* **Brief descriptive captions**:
"""

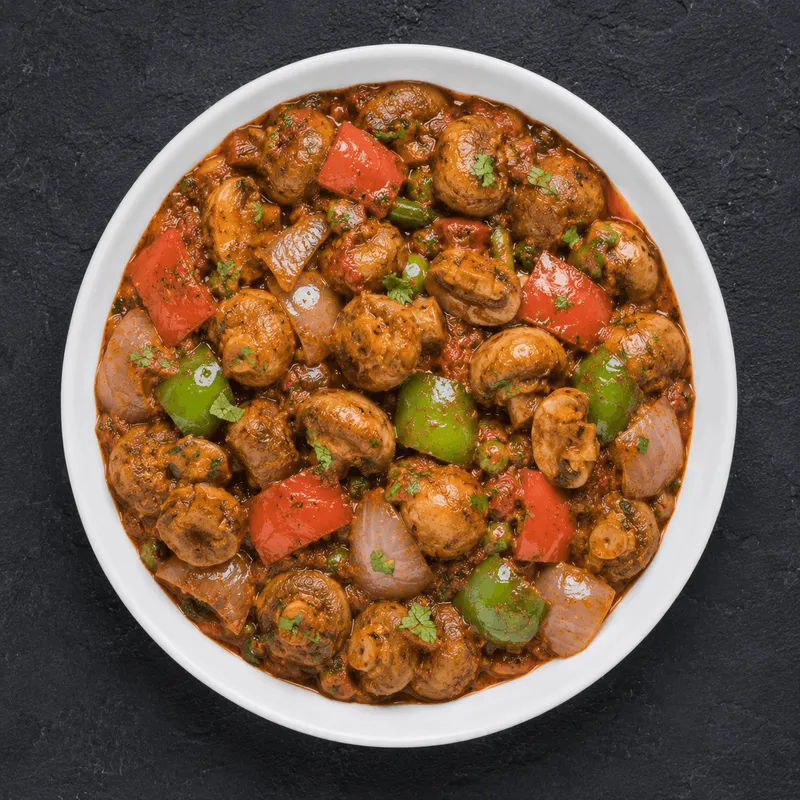 Kadai Mushroom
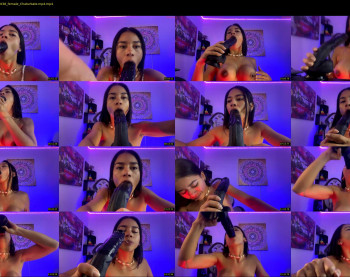 nicollbashel — 18 minute Chaturbate female cam show recording, 720p, Mar 18, 2024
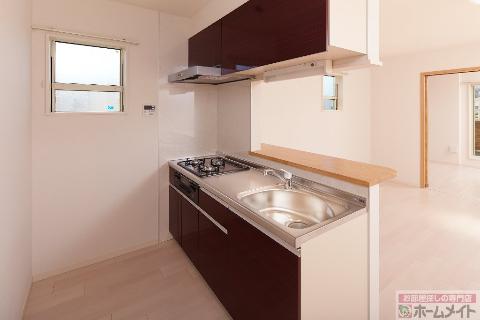 キッチン　キッチン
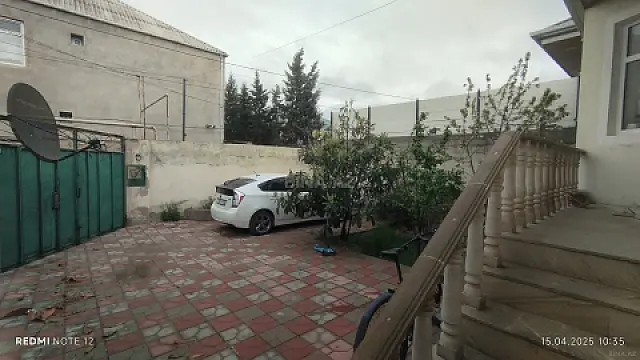 Satılır 3 otaqlı həyət evi 90 m²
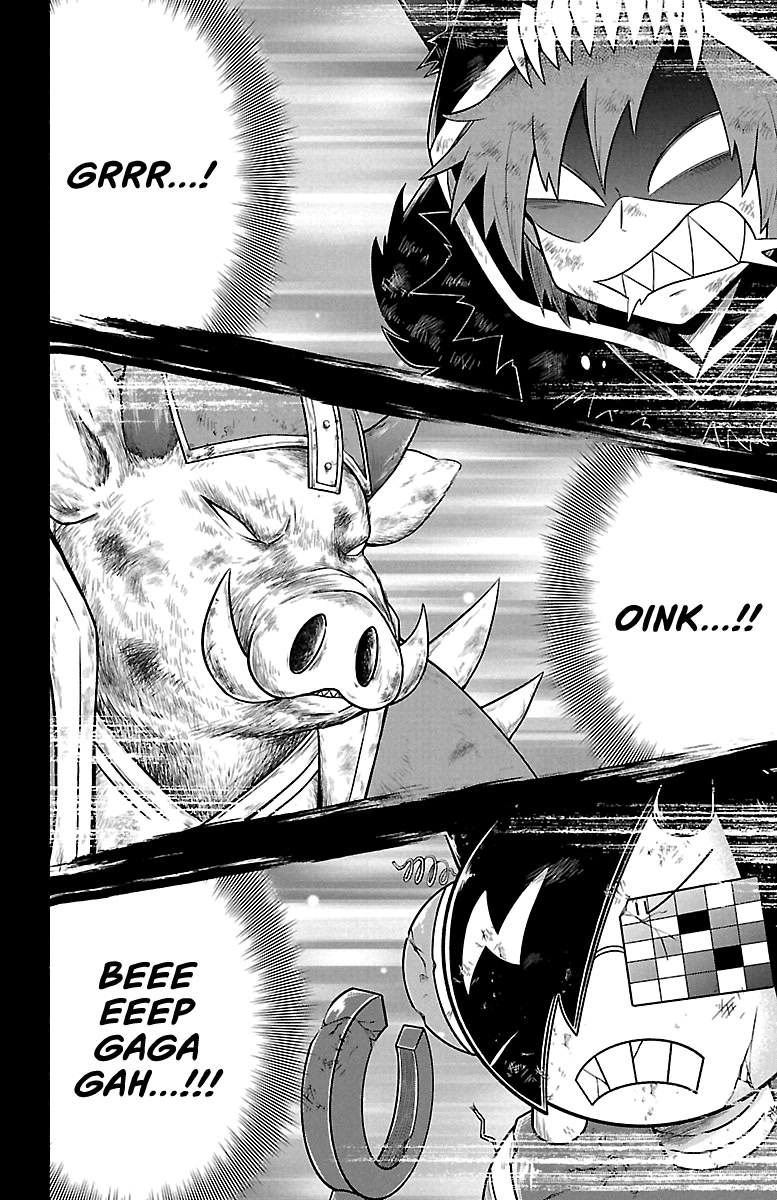 We Are The Main Characters Of The Demon World chapter 31 page 8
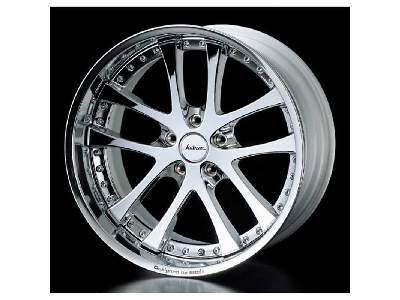 Aoshima 05529 - 1/24 Rims Kranze Lxz 19inch - image 2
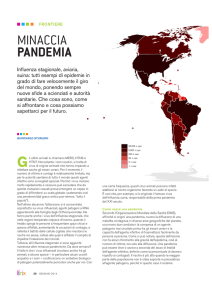 Minaccia pandemia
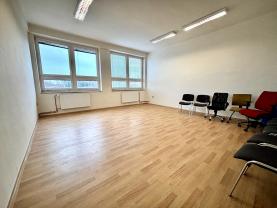 Pronájem kanceláře 35 m², České Budějovice, ul. K. Světlé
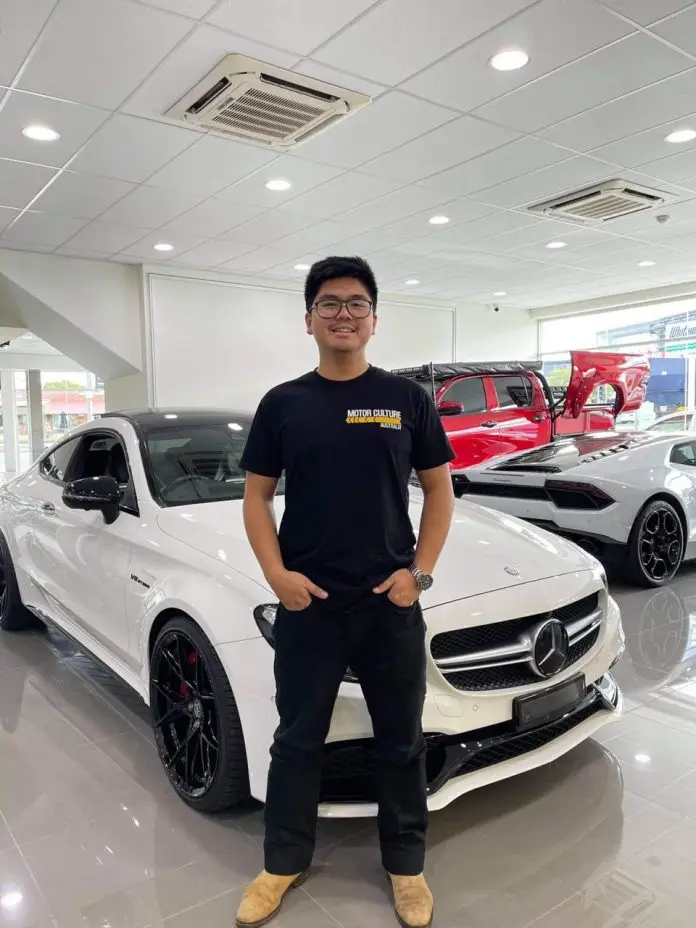 Net News Ledger: Motor culture australia the company that gives away supercars for a living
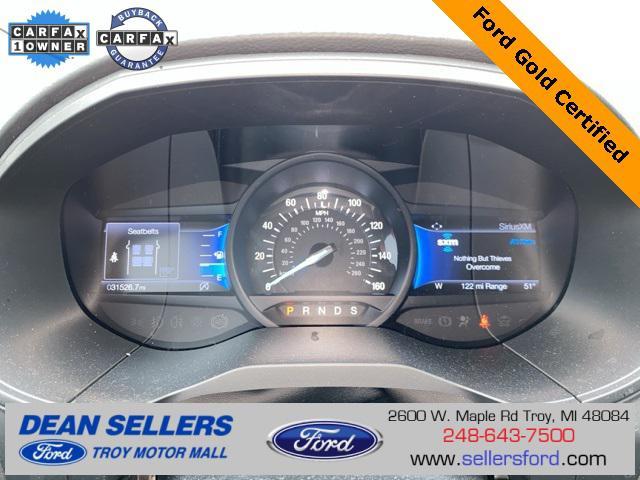 used 2022 Ford Edge car, priced at $25,100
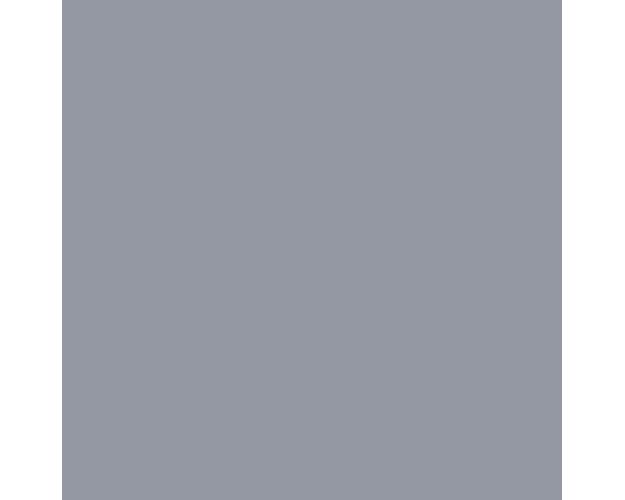 Шкаф верхний Тренто П 450 (Маус софт/Серый/правый)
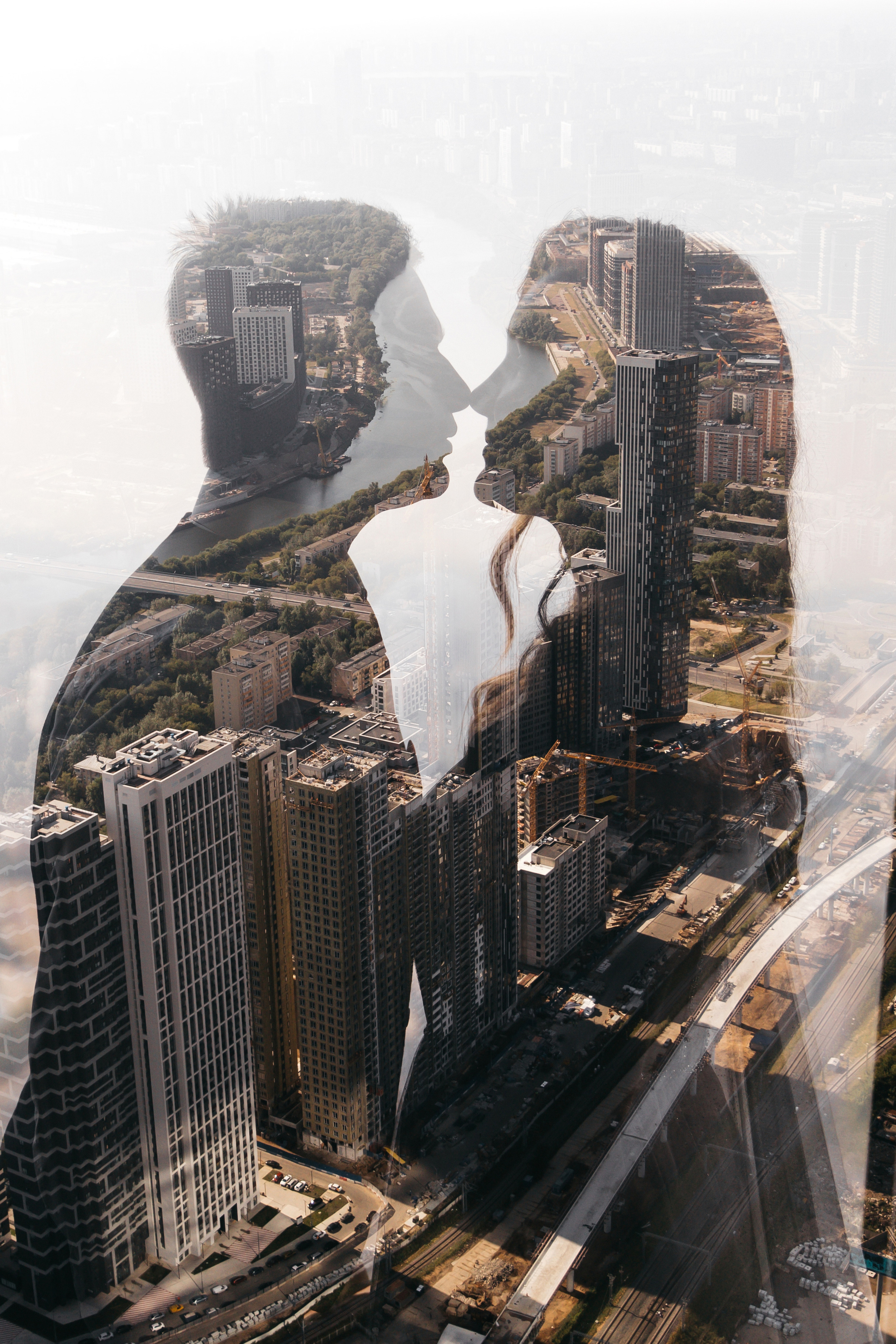 Татьяна и Владимир. Свадебный и семейный фотограф в Москве Холда Тати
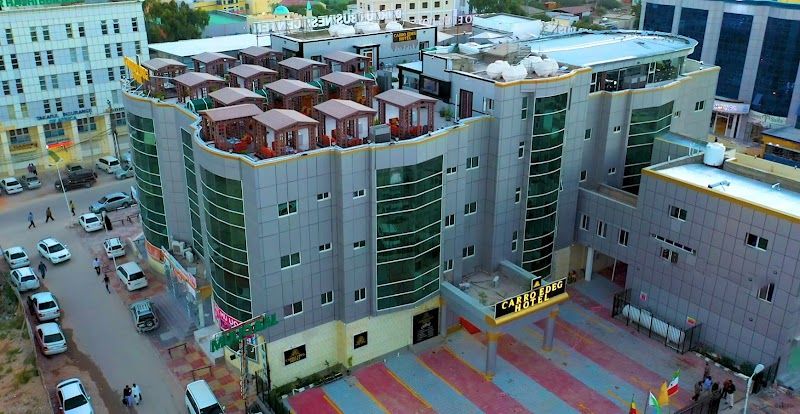 Carro Edeg Hotel in Hargeisa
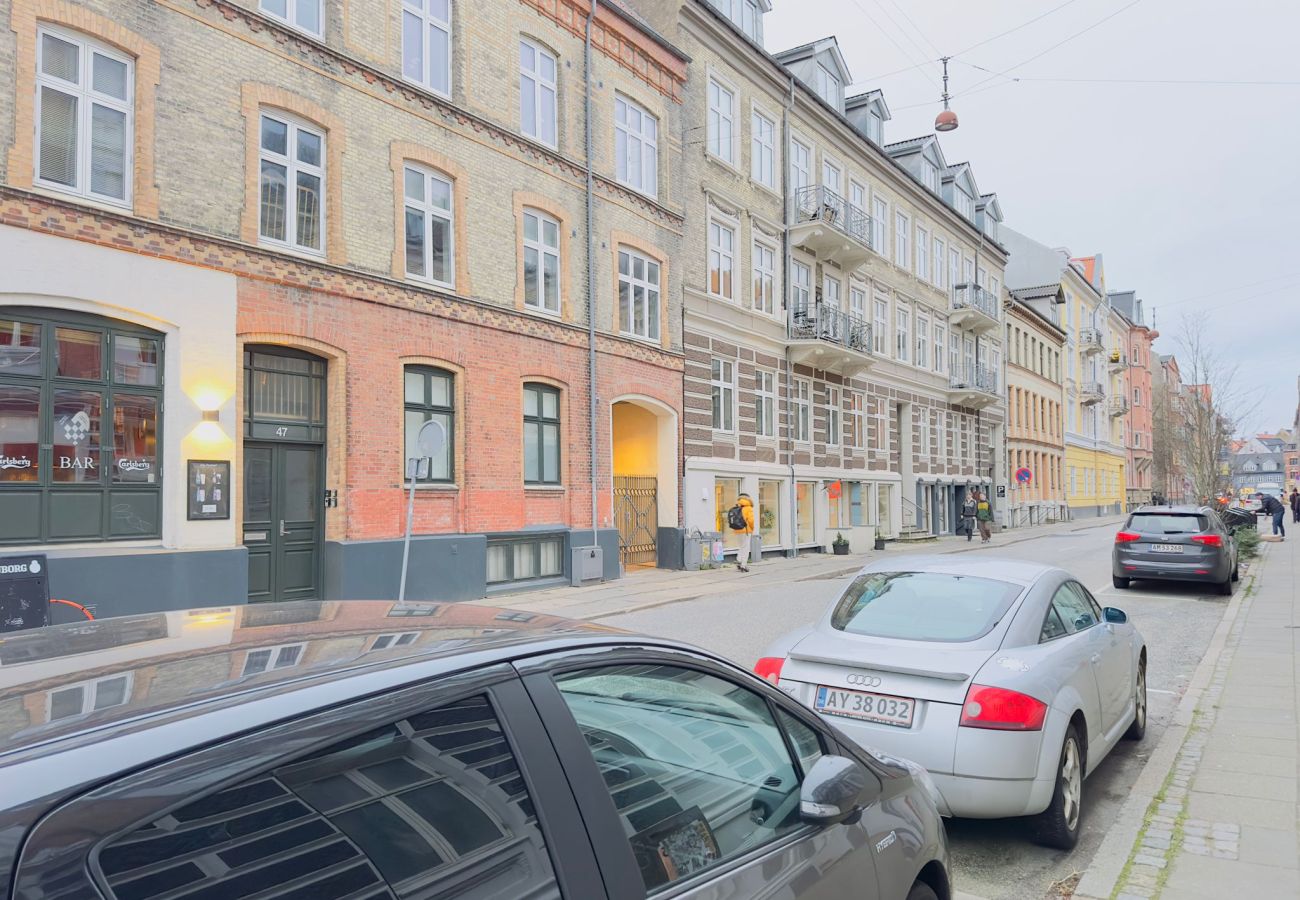 Lejlighed i Aalborg - aday - Central Charming 2 bedrooms  Apartment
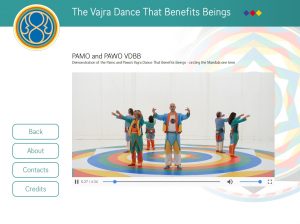 tutorial vajra dance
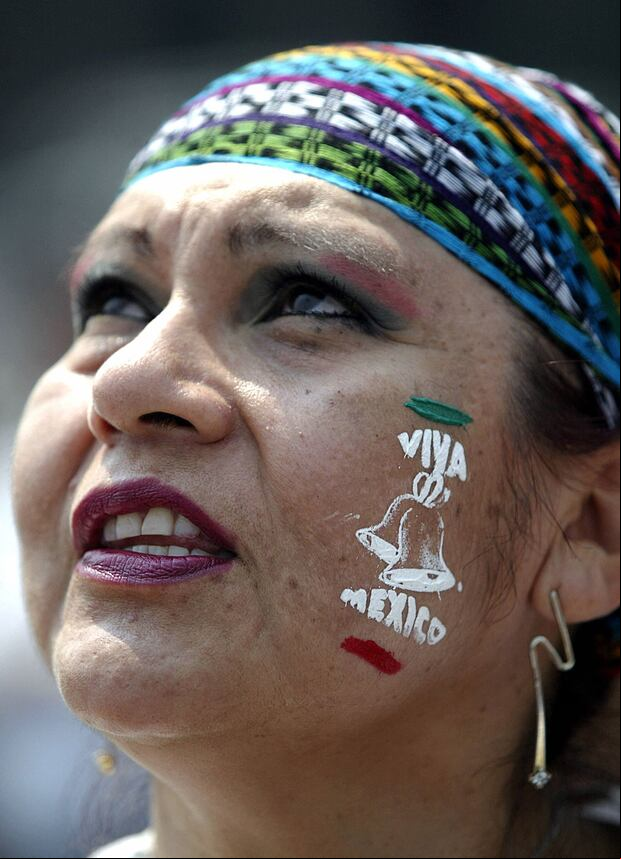 Día de la Mujer en México se celebra con manifestaciones en diversos puntos del país (AFP)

"""

* **Problem statement**: Lines from the one holding "Minaccia pandemia" to the end of the data, both ends included, are to be given again exactly; no pictures belong in the copy.

* **Output of the task**:
 Minaccia pandemia
 Pronájem kanceláře 35 m², České Budějovice, ul. K. Světlé
 Net News Ledger: Motor culture australia the company that gives away supercars for a living
 used 2022 Ford Edge car, priced at $25,100
 Шкаф верхний Тренто П 450 (Маус софт/Серый/правый)
 Татьяна и Владимир. Свадебный и семейный фотограф в Москве Холда Тати
 Carro Edeg Hotel in Hargeisa
 Lejlighed i Aalborg - aday - Central Charming 2 bedrooms  Apartment
 tutorial vajra dance
 Día de la Mujer en México se celebra con manifestaciones en diversos puntos del país (AFP)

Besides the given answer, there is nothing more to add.